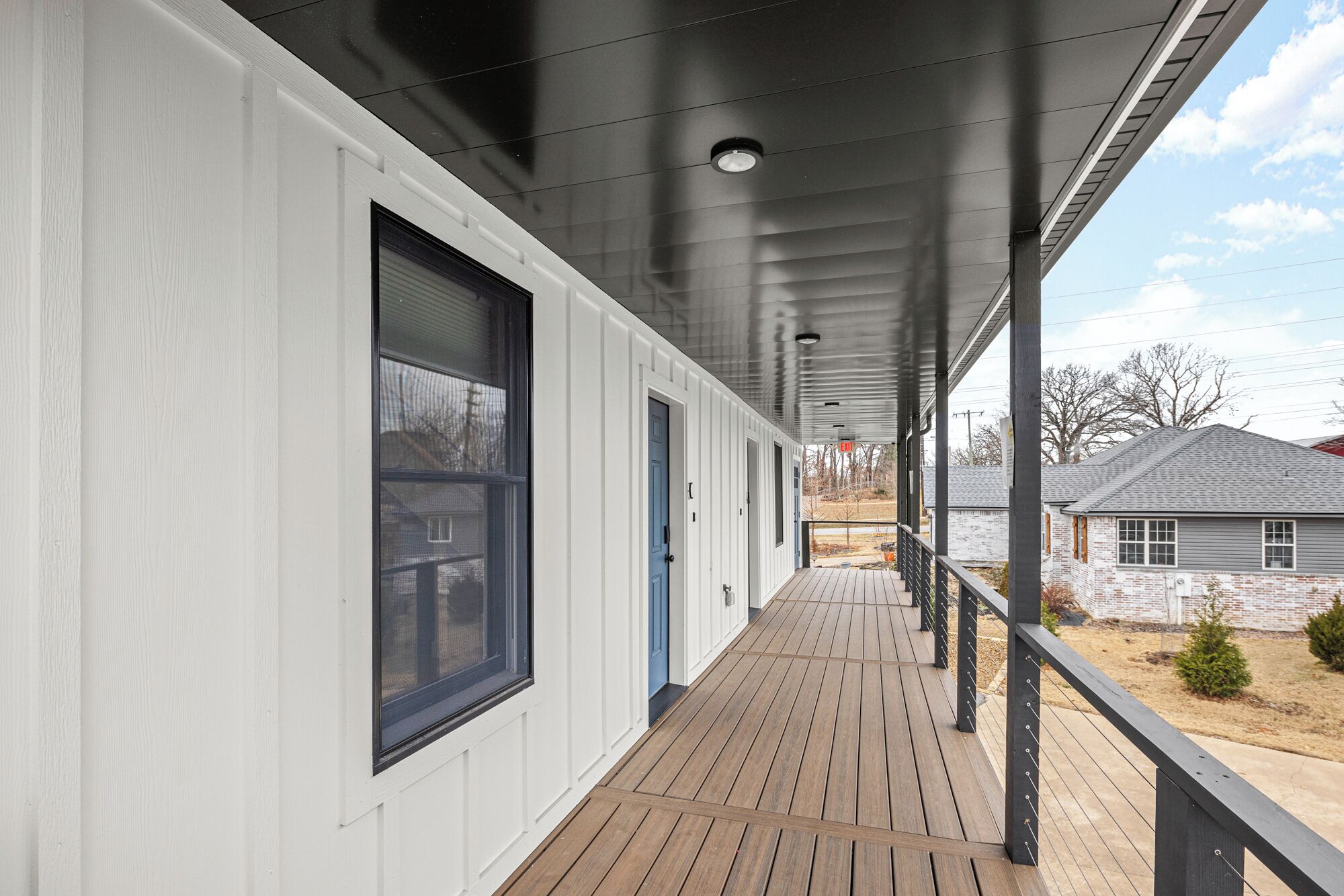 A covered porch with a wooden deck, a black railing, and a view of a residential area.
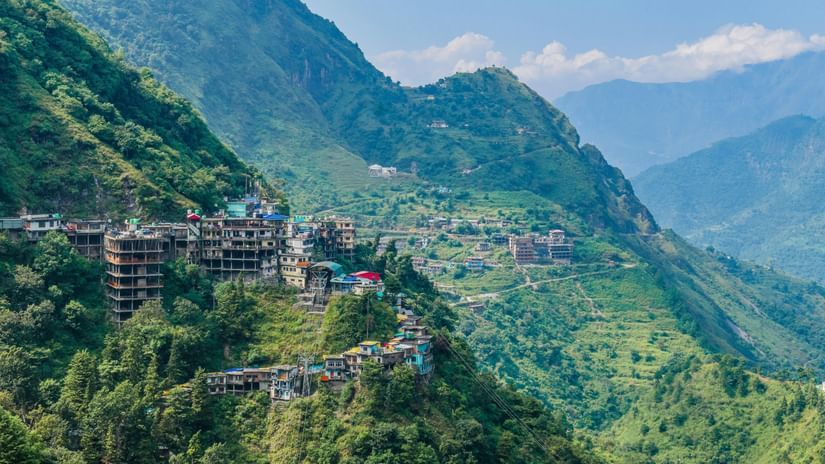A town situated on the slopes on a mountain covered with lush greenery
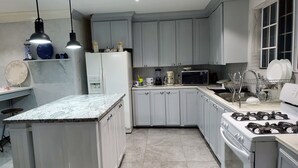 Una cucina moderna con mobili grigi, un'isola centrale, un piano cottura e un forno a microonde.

***

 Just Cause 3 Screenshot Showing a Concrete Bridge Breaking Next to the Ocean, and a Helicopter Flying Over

***

> **Exercise goal**
Working from the data above, repeat exactly, and only, the lines that begin at the line containing "A town situated" and stop after the line containing "Una cucina moderna"; pictures are not copied.

> **Solution to the exercise**
A town situated on the slopes on a mountain covered with lush greenery
 Una cucina moderna con mobili grigi, un'isola centrale, un piano cottura e un forno a microonde.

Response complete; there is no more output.